Bigger GPUs and Bigger Nodes Carl Pearson (pearson@illinois.edu) PhD Candidate, advised by

Boys Girls 7 Freddie Pearson Gabija Raubaite Nominees Rory Briggs, Harry Morrell, Antonia

Bull Run Mountain / Evergreen Water Supply Improvements Glenn D. Pearson, PE Deputy Director of

incumbents in the low carbon transition? Peter J G Pearson Imperial College London

AGENDA 1. WELCOME AND TRADING REVIEW PEARSON GOWERO MATTS VALELA 2. FINANCIALS 3.

WELCOME AND INTRODUCTION Pearson Gowero 1. FINANCIAL RESULTS Matts Valela 2. BUSINESS REVIEW

WELCOME AND INTRODUCTION PEARSON GOWERO 1. SIX MONTHS VOLUME &amp; FINANCIALS MATTS VALELA 2.

CFHS Pony Club Presentation Night - Trophies 2010 Senior Jen Pearson Intermediate Lucy Langley

Outline A taxonomy of CR security threats Primary user emulation attacks Cognitive Radio

Distributed Statistical Inference using Type Based Random Access over Multi-access Fading

A NEW TOOL FOR COMPARING ADAPTIVE DESIGNS; A POSTERIORI EFFICIENCY Jos e A. Moler, Universidad

Sampling Techniques Department of Political Science and Government Aarhus University September

Welcome and First Lecture Department of Government London School of Economics and Political

Pattern Recognition.
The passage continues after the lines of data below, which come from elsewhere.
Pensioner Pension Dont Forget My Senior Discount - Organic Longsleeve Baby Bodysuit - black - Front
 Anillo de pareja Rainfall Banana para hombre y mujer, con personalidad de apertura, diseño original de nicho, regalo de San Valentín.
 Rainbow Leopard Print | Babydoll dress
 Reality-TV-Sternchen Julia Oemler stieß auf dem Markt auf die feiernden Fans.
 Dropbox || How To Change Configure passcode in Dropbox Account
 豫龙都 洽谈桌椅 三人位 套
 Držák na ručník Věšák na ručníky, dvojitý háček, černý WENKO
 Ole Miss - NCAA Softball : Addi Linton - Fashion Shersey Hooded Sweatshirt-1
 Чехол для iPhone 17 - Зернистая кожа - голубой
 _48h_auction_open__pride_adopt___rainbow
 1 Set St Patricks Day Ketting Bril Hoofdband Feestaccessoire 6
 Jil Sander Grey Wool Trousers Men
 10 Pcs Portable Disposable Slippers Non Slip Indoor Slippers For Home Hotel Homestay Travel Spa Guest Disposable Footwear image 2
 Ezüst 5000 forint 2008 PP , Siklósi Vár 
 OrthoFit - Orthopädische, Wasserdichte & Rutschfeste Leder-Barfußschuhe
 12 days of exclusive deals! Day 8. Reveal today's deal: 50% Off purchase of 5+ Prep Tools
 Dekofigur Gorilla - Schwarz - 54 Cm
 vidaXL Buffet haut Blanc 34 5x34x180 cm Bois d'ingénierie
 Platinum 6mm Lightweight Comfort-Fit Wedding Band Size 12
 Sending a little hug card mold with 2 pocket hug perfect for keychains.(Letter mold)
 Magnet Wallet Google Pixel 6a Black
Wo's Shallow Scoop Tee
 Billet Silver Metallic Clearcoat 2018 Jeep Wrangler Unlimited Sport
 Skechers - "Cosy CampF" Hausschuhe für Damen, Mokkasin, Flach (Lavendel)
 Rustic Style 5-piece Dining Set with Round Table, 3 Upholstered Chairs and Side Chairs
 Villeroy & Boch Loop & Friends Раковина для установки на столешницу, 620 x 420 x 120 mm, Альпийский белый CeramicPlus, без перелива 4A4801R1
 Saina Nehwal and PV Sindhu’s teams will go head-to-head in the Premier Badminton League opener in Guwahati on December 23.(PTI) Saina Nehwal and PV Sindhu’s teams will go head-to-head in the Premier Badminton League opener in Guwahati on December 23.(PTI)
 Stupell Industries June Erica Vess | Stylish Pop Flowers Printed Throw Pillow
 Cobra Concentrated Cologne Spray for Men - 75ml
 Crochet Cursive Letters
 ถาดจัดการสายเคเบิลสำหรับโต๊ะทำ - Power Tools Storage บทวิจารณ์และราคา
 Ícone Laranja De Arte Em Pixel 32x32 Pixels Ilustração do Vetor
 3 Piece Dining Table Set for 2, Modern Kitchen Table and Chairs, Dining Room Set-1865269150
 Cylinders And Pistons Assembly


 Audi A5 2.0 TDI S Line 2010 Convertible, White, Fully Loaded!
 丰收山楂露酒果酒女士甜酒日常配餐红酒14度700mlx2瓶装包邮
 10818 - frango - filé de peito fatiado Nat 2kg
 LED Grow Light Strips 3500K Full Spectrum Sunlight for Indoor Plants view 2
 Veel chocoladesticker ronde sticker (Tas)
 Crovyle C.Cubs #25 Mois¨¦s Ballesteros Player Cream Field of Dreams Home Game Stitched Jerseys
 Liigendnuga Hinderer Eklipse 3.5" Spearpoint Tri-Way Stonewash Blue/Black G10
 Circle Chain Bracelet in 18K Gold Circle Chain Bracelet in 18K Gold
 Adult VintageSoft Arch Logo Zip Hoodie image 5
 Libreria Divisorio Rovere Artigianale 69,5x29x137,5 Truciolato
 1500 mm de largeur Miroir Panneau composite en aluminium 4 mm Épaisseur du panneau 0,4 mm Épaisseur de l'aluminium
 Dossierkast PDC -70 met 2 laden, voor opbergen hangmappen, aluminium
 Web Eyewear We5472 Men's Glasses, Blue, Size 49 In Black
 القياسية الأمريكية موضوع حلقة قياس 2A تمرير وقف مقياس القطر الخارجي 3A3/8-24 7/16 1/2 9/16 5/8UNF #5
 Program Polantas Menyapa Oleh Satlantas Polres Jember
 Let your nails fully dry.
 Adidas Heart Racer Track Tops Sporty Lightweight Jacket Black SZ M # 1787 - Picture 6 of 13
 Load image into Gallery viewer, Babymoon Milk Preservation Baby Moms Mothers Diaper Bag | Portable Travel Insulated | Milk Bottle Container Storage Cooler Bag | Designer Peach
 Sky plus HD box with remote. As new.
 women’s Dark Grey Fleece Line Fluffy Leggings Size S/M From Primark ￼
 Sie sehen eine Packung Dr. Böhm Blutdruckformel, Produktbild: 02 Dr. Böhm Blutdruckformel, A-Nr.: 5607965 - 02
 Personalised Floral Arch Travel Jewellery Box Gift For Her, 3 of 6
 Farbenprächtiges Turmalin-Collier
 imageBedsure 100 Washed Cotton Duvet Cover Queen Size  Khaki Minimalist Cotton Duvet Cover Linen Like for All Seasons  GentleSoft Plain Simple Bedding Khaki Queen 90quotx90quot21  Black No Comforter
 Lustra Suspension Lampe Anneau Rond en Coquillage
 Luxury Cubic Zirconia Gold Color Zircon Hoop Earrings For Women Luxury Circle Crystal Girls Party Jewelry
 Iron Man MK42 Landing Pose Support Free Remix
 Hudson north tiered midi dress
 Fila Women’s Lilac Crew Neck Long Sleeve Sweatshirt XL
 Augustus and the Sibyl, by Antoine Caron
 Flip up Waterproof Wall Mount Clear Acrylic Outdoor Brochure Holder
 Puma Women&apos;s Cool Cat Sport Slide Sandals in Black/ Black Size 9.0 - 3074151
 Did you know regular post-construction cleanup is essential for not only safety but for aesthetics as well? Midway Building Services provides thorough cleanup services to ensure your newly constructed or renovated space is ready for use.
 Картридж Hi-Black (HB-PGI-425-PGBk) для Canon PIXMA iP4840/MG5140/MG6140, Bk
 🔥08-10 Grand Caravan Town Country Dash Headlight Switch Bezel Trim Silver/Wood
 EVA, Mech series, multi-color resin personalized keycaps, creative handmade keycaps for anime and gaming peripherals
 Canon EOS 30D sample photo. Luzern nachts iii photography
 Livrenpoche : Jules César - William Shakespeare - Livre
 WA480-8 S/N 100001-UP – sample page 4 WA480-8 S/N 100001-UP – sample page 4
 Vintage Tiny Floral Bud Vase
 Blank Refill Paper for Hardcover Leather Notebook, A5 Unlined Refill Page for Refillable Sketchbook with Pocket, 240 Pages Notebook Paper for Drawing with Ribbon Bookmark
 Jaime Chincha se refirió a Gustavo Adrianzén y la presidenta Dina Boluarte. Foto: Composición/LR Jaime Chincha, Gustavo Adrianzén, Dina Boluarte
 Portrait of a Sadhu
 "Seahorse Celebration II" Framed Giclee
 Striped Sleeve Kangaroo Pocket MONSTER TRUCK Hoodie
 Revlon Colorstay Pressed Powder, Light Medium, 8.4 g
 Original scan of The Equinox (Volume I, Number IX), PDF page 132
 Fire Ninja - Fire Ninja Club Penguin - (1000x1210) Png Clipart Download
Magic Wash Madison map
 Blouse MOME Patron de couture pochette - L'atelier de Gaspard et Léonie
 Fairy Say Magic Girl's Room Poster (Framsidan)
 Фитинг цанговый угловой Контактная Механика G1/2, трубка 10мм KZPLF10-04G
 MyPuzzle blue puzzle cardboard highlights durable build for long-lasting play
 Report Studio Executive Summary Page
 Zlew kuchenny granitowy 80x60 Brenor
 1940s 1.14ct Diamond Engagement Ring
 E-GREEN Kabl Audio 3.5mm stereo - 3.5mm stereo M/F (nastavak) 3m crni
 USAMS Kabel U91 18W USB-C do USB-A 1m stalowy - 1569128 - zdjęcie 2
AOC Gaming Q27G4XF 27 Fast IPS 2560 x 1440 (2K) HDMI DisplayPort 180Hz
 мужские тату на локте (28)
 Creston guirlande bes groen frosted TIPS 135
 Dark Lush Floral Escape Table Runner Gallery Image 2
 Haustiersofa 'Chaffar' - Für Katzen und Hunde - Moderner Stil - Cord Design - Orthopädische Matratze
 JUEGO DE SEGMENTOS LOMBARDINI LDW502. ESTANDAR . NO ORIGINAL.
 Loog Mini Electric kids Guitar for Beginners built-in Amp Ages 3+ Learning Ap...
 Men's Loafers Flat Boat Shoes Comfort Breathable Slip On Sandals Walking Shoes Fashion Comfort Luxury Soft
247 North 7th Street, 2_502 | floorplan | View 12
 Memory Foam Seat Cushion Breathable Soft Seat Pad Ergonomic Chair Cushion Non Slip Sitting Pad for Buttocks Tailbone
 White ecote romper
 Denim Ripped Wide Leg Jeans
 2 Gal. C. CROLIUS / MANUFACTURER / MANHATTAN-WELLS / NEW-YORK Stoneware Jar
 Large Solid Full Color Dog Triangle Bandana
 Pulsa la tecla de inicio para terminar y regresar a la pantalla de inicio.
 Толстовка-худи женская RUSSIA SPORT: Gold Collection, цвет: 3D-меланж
Bayesian and non-Bayesian Tasks. Petr Po s k This lecture is based

Description of the Detection Process Detektor: receives signals and decides on object existence

Infotheory for Statistics and Learning Lecture 4 Binary hypothesis testing The

More Motifs WMM, log odds scores, Neyman-Pearson, background; Greedy & EM for motif discovery

More Motifs WMM, log odds scores, Neyman-Pearson, background; Greedy & EM for motif discovery

WELCOME AND INTRODUCTION PEARSON GOWERO 1. SIX MONTHS VOLUME & FINANCIALS MATTS VALELA 2.